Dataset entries
--

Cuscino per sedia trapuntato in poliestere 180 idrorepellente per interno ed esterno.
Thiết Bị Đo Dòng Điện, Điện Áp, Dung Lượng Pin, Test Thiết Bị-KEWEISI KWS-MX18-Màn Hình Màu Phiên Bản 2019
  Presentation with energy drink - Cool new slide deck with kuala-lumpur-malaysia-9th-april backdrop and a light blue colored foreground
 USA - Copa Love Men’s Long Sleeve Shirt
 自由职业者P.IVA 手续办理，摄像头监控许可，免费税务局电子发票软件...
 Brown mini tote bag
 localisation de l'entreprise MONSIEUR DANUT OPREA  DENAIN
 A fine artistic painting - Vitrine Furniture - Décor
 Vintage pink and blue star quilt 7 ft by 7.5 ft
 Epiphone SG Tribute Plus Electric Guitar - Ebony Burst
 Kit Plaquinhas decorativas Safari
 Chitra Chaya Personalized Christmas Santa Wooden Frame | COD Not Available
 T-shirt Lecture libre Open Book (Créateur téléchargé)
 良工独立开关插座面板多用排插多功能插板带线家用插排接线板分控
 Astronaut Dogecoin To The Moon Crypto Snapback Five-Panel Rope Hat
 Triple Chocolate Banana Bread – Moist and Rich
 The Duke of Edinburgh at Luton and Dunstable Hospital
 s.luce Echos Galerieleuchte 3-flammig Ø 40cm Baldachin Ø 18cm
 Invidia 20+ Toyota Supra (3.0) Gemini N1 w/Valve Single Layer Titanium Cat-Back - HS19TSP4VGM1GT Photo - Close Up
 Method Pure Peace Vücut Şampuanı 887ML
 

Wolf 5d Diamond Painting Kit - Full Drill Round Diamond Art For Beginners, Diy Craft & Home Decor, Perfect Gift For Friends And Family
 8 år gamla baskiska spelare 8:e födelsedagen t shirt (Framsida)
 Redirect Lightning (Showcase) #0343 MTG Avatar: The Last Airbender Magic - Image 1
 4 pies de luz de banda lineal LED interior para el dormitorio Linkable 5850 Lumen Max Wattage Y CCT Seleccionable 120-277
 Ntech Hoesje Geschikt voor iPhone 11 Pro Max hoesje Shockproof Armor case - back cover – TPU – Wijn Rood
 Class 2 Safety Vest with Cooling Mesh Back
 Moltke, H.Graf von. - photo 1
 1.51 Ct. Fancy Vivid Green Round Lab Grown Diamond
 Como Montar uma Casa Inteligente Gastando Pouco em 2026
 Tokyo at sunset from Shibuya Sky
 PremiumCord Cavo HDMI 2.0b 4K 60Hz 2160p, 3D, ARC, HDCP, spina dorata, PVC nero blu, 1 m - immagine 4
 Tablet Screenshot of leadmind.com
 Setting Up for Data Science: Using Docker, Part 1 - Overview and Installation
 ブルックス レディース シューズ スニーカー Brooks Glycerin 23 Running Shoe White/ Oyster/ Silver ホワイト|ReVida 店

--

• [What is needed]: Copy each line, exactly, that falls between the line containing "Tokyo at sunset from Shibuya Sky" and the end of the entries, both included.

• [Result of this task]:
 Tokyo at sunset from Shibuya Sky
 PremiumCord Cavo HDMI 2.0b 4K 60Hz 2160p, 3D, ARC, HDCP, spina dorata, PVC nero blu, 1 m - immagine 4
 Tablet Screenshot of leadmind.com
 Setting Up for Data Science: Using Docker, Part 1 - Overview and Installation
 ブルックス レディース シューズ スニーカー Brooks Glycerin 23 Running Shoe White/ Oyster/ Silver ホワイト|ReVida 店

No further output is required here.